Learning that: The virtual is real

As Christians, it should be a given that many of the most important aspects of the reality exceed what can physically be seen. In practice, however, we quickly lose track of this insight. Too often if we cannot see something we dismiss it or are completely unaware of it. This is true of a wide range of issues, but this month I wish to focus on online participation in worship. So far this calendar year, our online participation numbers have been roughly equal to our in-person participation numbers. In other words, the people you see assembled in worship have been roughly half of the congregation gathered for worship. The rest of the assembly is online. Some participate simultaneously with the in-person gathering, but most participate within the next 24 hours after in-person worship happens. While I am writing this before the end of the summer, it is tracking that an even higher percentage is participating online this summer. In fact, accounting for both in-person and online views it may be that worship attendance this summer will be at its highest in about two decades, with numbers similar to those of 2002. Given this level of worship participation, we need to understand being online is a real form of worship.

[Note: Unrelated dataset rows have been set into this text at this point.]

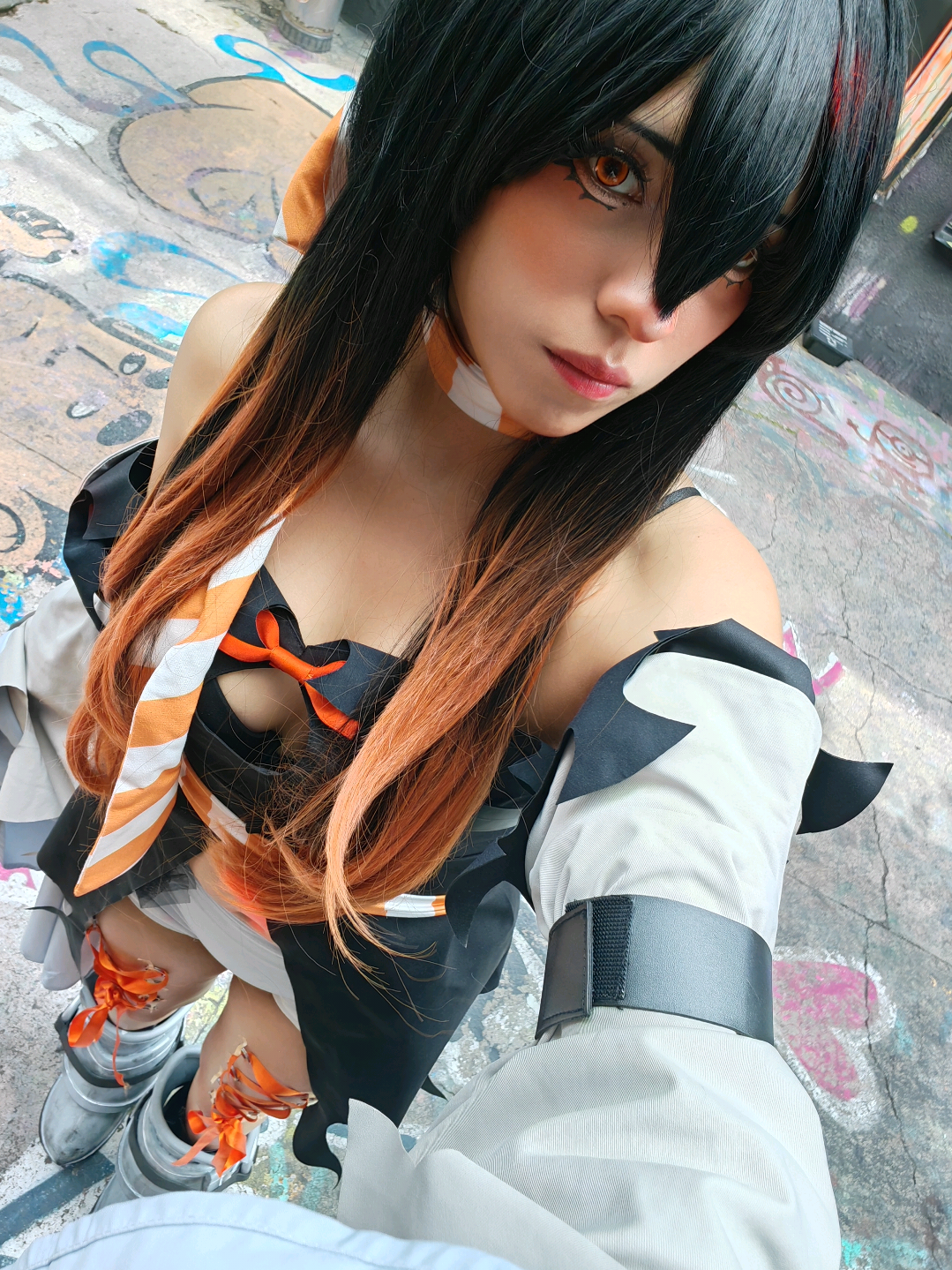 @Mizuki-Chan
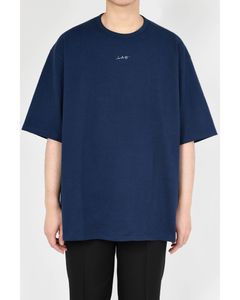 Logo Super Big T-Shirt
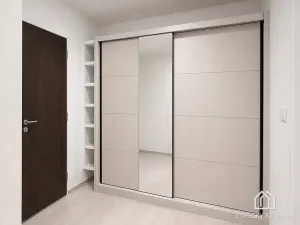 Pronájem bytu 2+kk, Praha - Chodov, Drahňovická, 55 m2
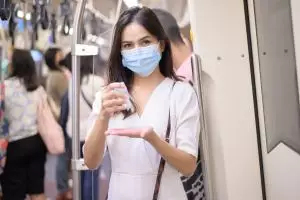 Ini arti level PPKM turun, bukan alasan protokol kesehatan jadi kendor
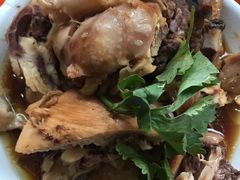-梅园食堂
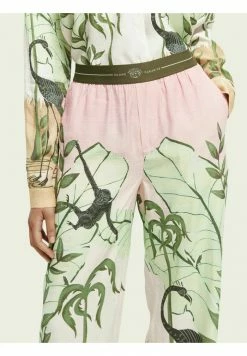 Scotch & Soda Pantalon Classique - Combo B -Scotch & Soda Soldes be9bb50d6a744d209d74d103c5a69619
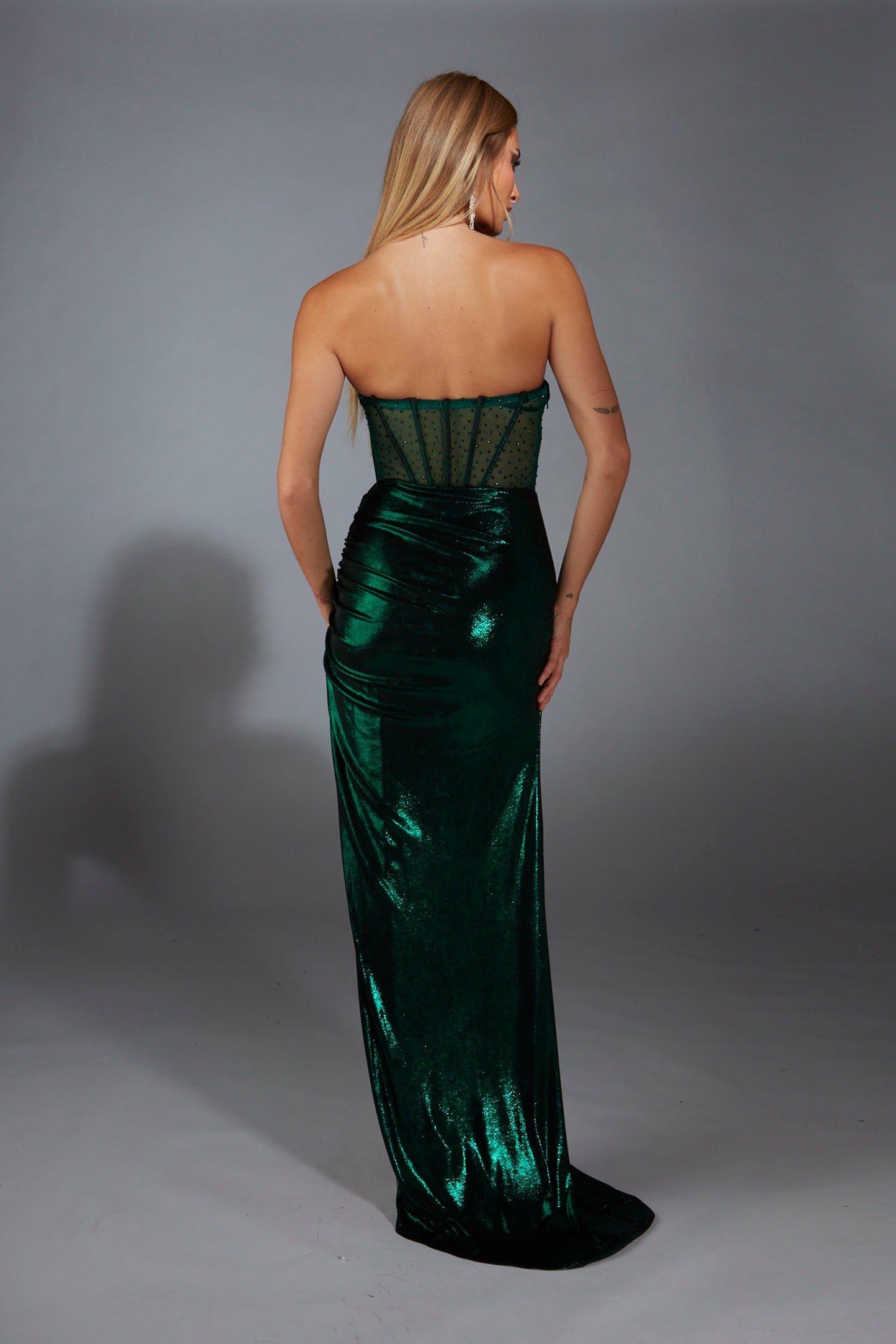 61784 - Alyce Paris Dress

The word “virtual” can have for some people the connotation of being artificial or less real than an original. Lutheran theologian Deanna Thompson, however, suggests that we think of the “virtual” as a framework we can use to make sense of reality. It is more an addition to our physical ways of experiencing the world than an attempt to replace it. Personally I prefer to speak of “online participation” in regard to worship to emphasize that as we participate in worship online we are truly worshipping, just as it is our participation when we are in-person that transforms our actions into true worship. When we think of worship as participation we can then ask what ways we have to enhance participation in the in-person experience of worship as well as what approaches might help enhance the online participation in worship. The two are slightly different approaches or frameworks for experiencing worship and so may need some slightly different tactics, but the participation is equally real in both cases.